Visual representations learned by deep CNNs are fairly domain-invariant. Relatively high accuracy is always reported over a lot of visual tasks using off the-shelf CNN representations [4, 26]. However, on one hand, deep neural networks which learn abstract feature representations can only reduce, but not remove, the cross-domain discrepancy. On the other, training a deep model relies on massive amounts of labeled data. Compared with deep method, shallow domain adaptation methods which are more suitable for small-scale data usually fail to reach the high accuracy as deep learning.

Our work is primarily motivated by [21] which investigates a provocative question that domain adaptation is necessary even if CNN-based features are powerful. We thus proposed a non-deep method which combines both advantages of subspace learning and neural networks inspired by [12]. Although this LSTN method is simple, it can achieve competitive results compared with deep methods. The main contribution and novelty of this work are threefold:

  • In order to achieve the domain alignment, we propose a simple but effective net called Latent Subspace Transfer Network (LSTN). In order to get an optimal subspace representation, a joint learning mechanism is adopted for pursuing the latent subspace and reconstruction matrix simultaneously.

  • The optimal latent subspace to map the source and target samples in LSTN is achieved by MLP network, which has a simple network structure but is effective. The model is a non-linear neural network and can be optimized directly to avoid a pre-trained model which needs large-scale data.

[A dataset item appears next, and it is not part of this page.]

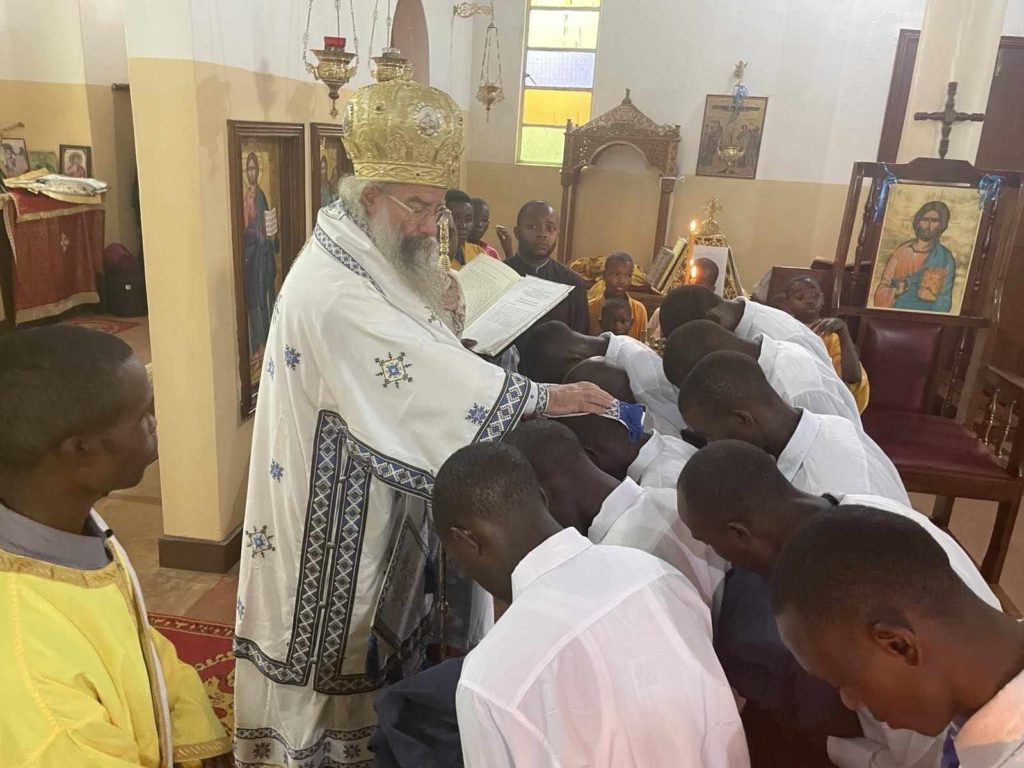 Ρασοφορία ιεροσπουδαστών στην Ιερατική Σχολή Μπουκόμπας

  • In this simple network, we embed features/pixels of source and target into reproducing kernel Hilbert spaces (RKHS) as preprocessing before putting them into the optimization procedure. In this way, the dimension of input and the cost of running time are both reduced.

2 Related Works

2.1 Shallow Domain Adaptation

A number of shallow learning methods have been proposed to tackle DA problems. Generally, these shallow domain adaptation methods comprise of three categories: Classifier based approaches, feature augmentation/transformation based approaches and feature reconstruction based approaches. [5] proposed an adaptive multiple kernel learning (AMKL) for web-consumer video event recognition. [35] proposed a robust domain classifier adaptation method (EDA) with manifold regularization for visual recognition. [19] also proposed a Transfer Joint Matching (TJM) which tends to learn a non-linear transformation across domains by minimizing the MMD based distribution discrepancy. [36] proposed a Latent Sparse Domain Transfer (LSDT) method by jointly learning a subspace projection and sparse reconstruction across domains. Similarly, Shao et al. [25] proposed a LTSL method by pre-learning a subspace using PCA or LDA. Jhuo et al. [13] proposed a RDALR method, in which the source data is reconstructed by the target data using low-rank model. Recently, [21] proposed a LDADA method which can achieve the effect of DA without explicit adaptation by a LDA-inspired approach.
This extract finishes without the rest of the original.